Let’s try to be fair to Ballmer
David Heinemeir Hansson has laid waste to Microsoft CEO Steve Ballmer in his diatribe “You couldn’t pay me to work for Ballmer“. The dubious “evidence” he uses is the comparison of Microsoft stock prices of the 1990s to the 2000s. For one thing, the inflated bubble stock prices of the 1990s were artificially valuated at 2010 levels and were corrected back to normal trend lines in the crash of 2000. The other problem with Hansson’s analysis is that Bill Gates remained at Microsoft nearly full time for much of the 2000s.
Hansson used the following chart to illustrate his point:
Chart by Erik Pukinskis of Sprout Robot
But if we compared Microsoft stocks the other tech titans of the industry like Cisco and IBM and the S&P 500 (chart below), Microsoft is right around the industry average. Apple’s performance has simply been unusually good as they experienced two massive rebirths with the success of the iPod and then the success of the iPhone under the reign of Steve Jobs.
To be clear, Microsoft has some serious problems to tackle and the somewhat recent loss of Bill Gates was certainly detrimental to the company. They’ve lost much time and market share in the smart phone space and now they might be losing the TV space as well. Having Bill Gates and Steve Ballmer at the helm doing the things they do best is obviously better than just having Steve Ballmer at the helm, but that’s a reality that Microsoft has to deal with. Someday, Apple will have to face the inevitability of losing Steve Jobs and Apple stocks probably shakes every time Steve Jobs coughs.
This isn’t to say that Steve Ballmer is the perfect CEO for the job. He was wrong to initially oppose the Xbox which was one of the few success stories for Microsoft over the last decade and he was wrong on Windows Vista in believing that the company could allow OS performance to slip due to improving hardware. But Microsoft is capable of learning from its mistakes and they did that with Windows 7 and they seem to be doing the necessary house cleaning to maintain their competitive edge.
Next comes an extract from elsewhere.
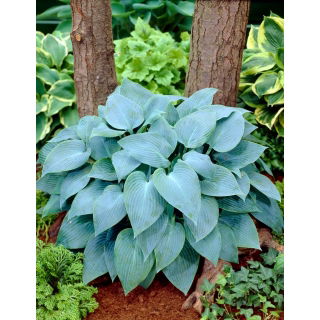 Funkia - Hosta Canadian Blue - GIGA paczka! - 50 szt.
Update 2:40PM – Ed Bott has some great analysis here as well and writes:
“Meanwhile, it takes a certain amount of panache (and perhaps some amnesia) on the part of M. Gassée to criticize Ballmer’s performance. This is, after all, the guy who left Apple in 1990 to found Be Inc. Six years later he turned down Apple’s offer to buy the company, reportedly for an amount between $110 million and $200 million. In 2001, Be Inc. closed its doors, and Palm, Inc. wound up buying the company’s assets for $11 million. Now that’s a lost decade.”